The power within

Apart from being a Jesuit, Br Pat Douglas SJ holds a powerlifting world record. He also imparts life lessons from his own sporting background.


By David McMahon, Communications Manager, Society of Jesus in Australia

It’s a sunny winter afternoon in Melbourne and I’m concentrating on getting some good portraits of Brother Pat Douglas SJ. The clouds are scudding along quickly in windy conditions, so the light intensity keeps changing. Throughout the photo session for Br Pat and ten other tertians, there is a constant flow of good-natured background chatter. You know – laughter, quips, one-liners. But I’m moving a few degrees to the left and then sidestepping (adroitly, I do believe) to the right with more aplomb than Fred Astaire (I dare you to contradict me), so I’m not paying too much attention to the witticisms and encouragement behind me.

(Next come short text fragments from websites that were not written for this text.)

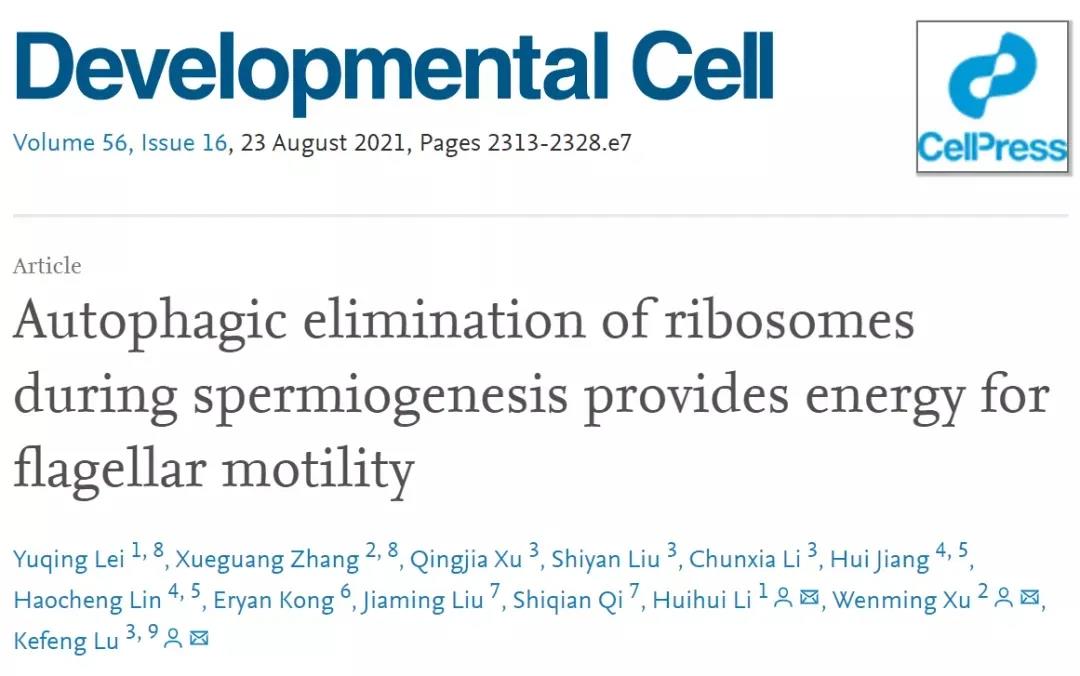 基因编辑小鼠助力生殖研究 基因编辑小鼠助力生殖研究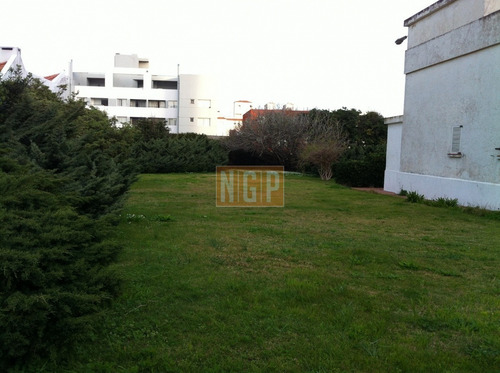 Imagen 4 de 12 de Chalet En La Peninsula Con Terreno De 1605 Mts2.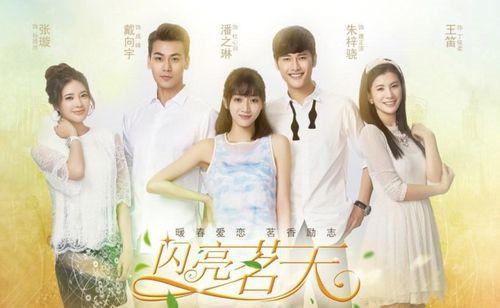 闪亮爱电视剧演员表大时代小演员表(闪亮爱 大结局)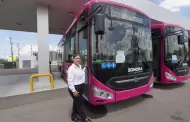 Piden frenar ataques a camiones urbanos durante Halloween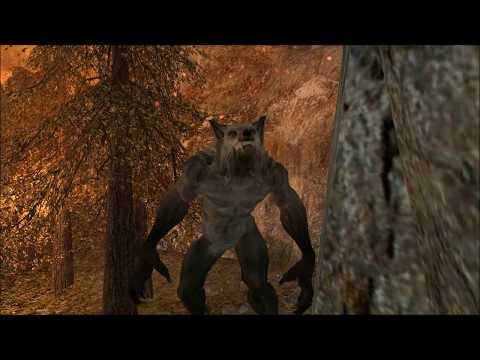 Griffith Park Werewolf Chase.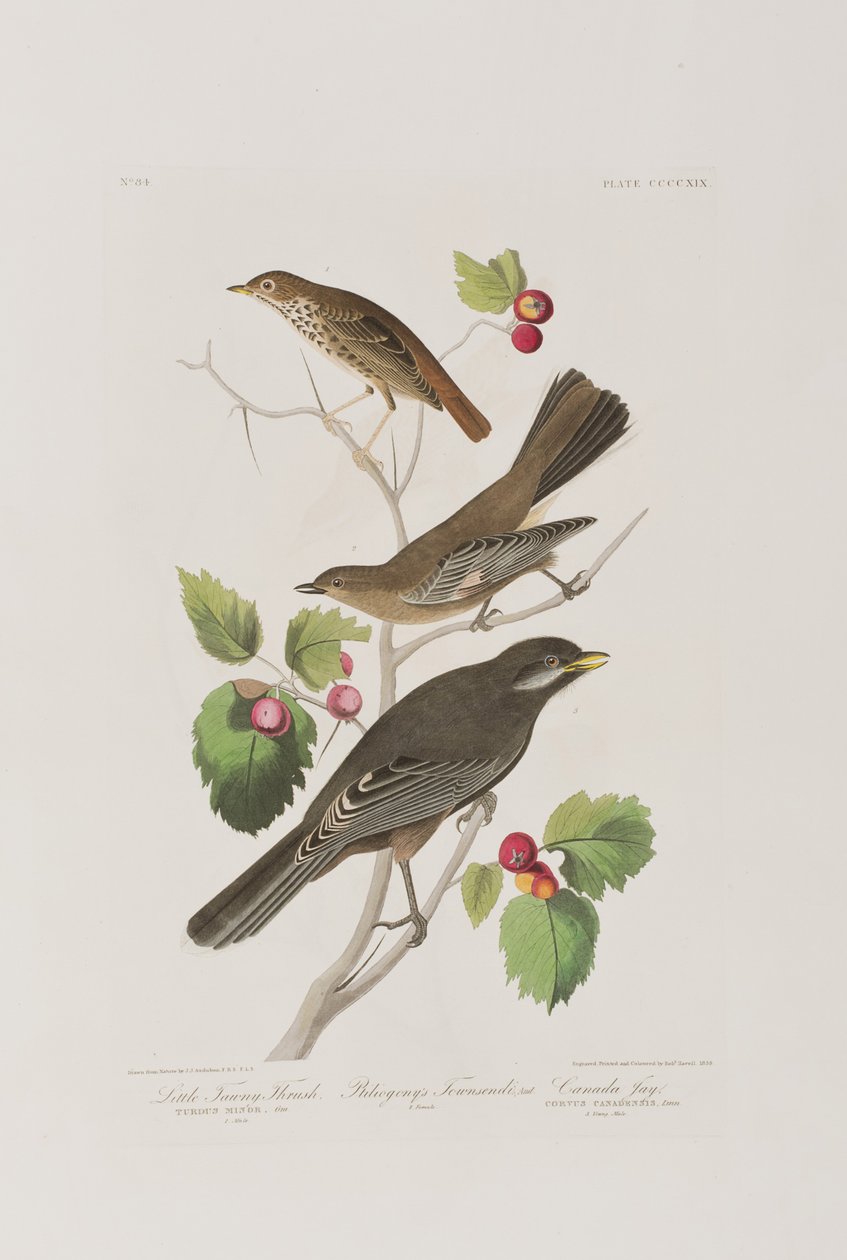 Illustration från "Birds of America" av John James Audubon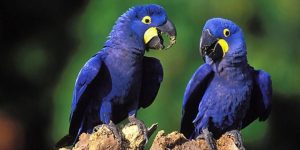 características da arara-azul-pequena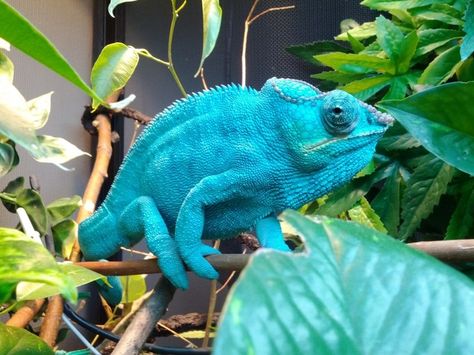 Nosy Be Panther Chameleon | An electric blue Nosy Be panther chameleon Chameleon Care, Lizard Terrarium, Panther Chameleon, Diego Brando, Reptile House, Reptile Room, Fotos Goals, Chameleons, Kids Apron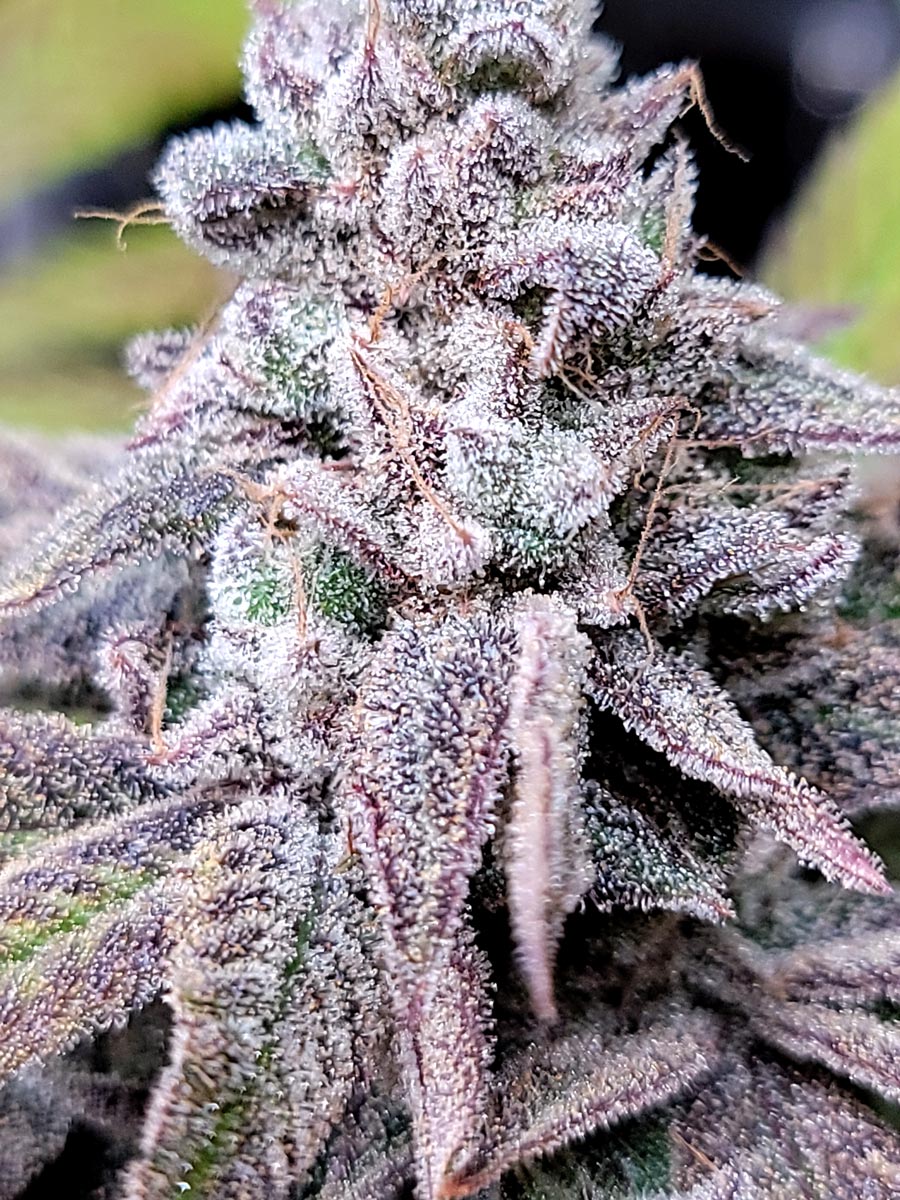 Candy Hearts - Indoor Organic Living Soil Cannabis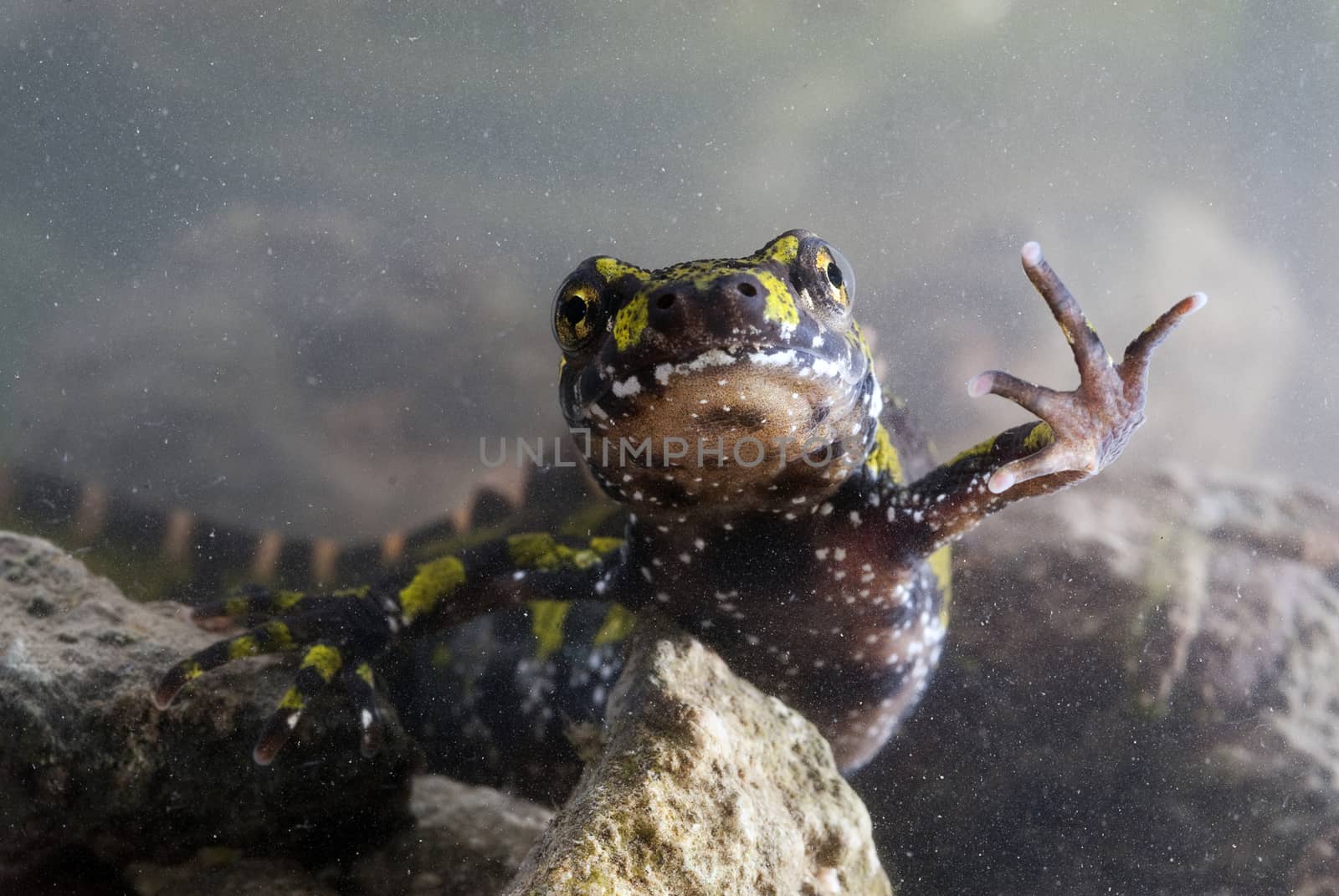 Marbled newt, Triturus marmoratus in the water, crest, amphibian by jalonsohu@gmail.com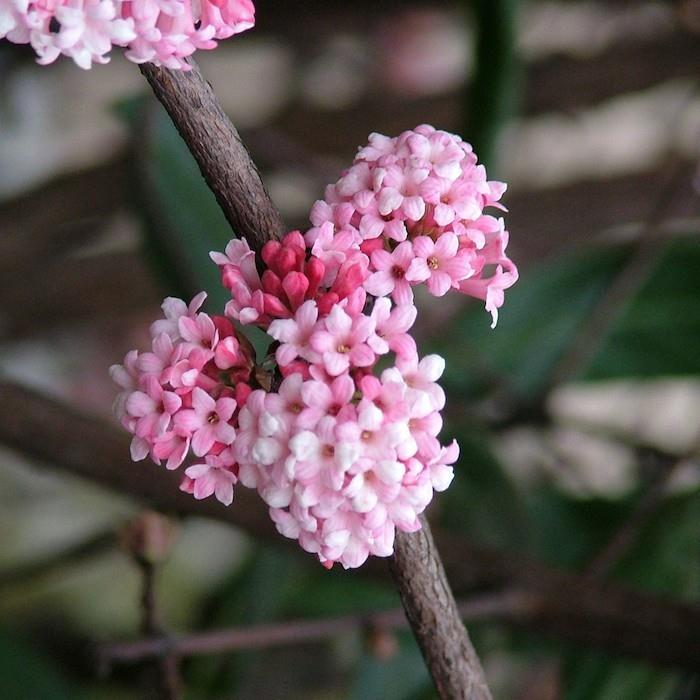 viburnum-x-bodnantense-vinter-växt-vinter-höst-blommor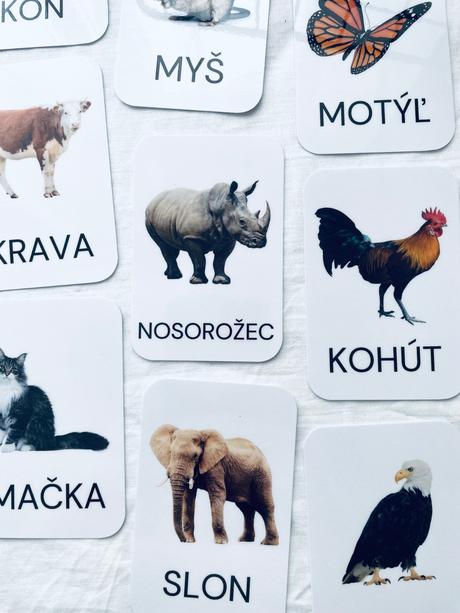 Zvieratá - kartičky s realistickými obrázkami, 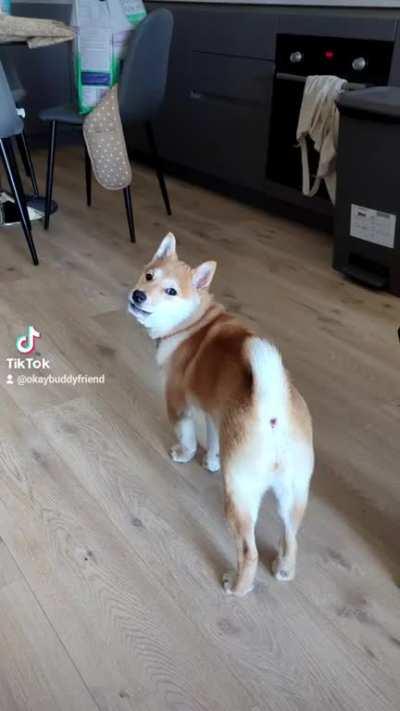 bean has started howling!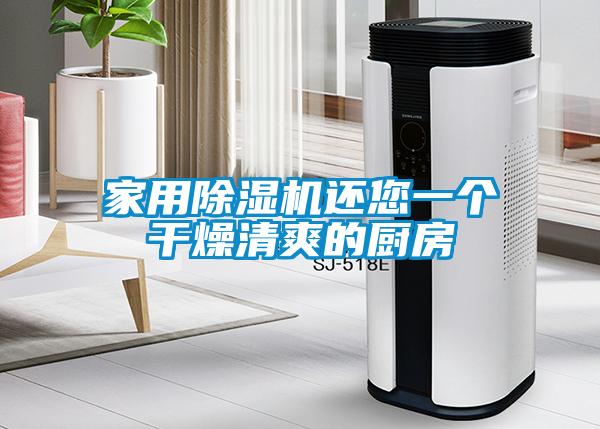 家用除湿机还您一个干燥清爽的厨房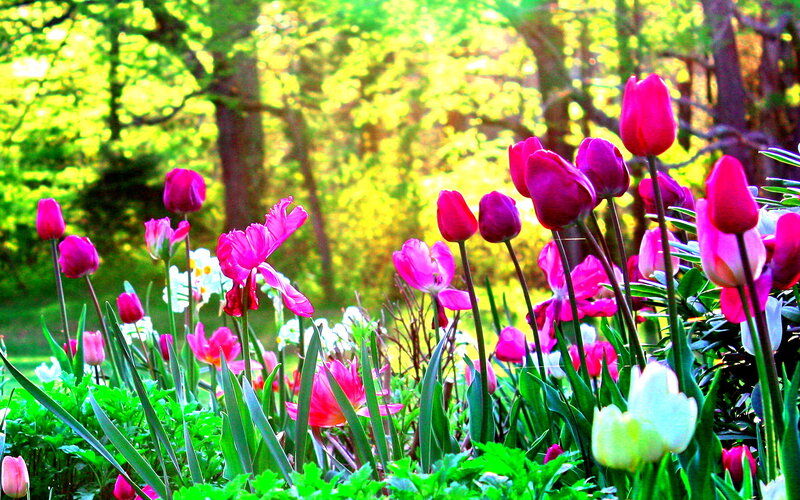 Tulips in a Garden — Pink, Serene, Spring, Photograph, Flowers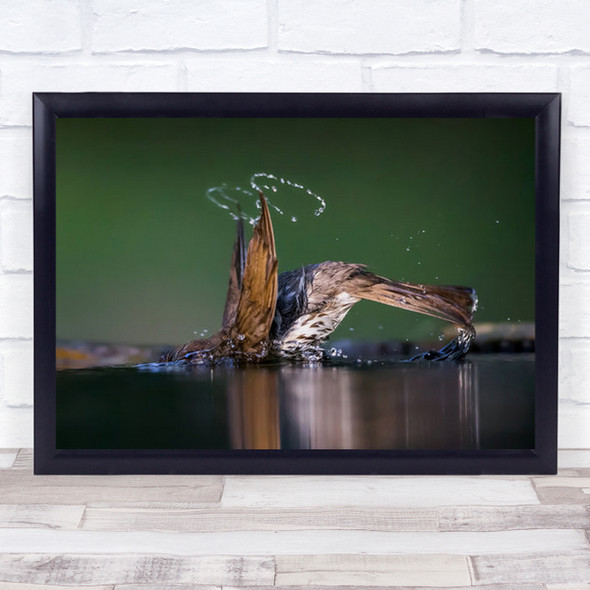 Show Off Bird Drinking Pond Hungary Bath Splash Dive Diving Wall Art Print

But the chorus has clearly struck a chord with Br Pat, who responds instantly. He momentarily flexes. Big flex. Big grin. And a nanosecond later the flex, like the errant sunshine, has disappeared.

That’s when I remember a key fact. The man from Omaha, Nebraska in America’s Midwest is a powerlifting coach at a Jesuit high school in his home state. So I ask if he’d mind performing one more flex. He nods. Big grin. Big flex. This time I’ve got the picture – literally and metaphorically.

A few days later, in a completely different setting, I ask him if he sees a connection between his faith and his interest in powerlifting.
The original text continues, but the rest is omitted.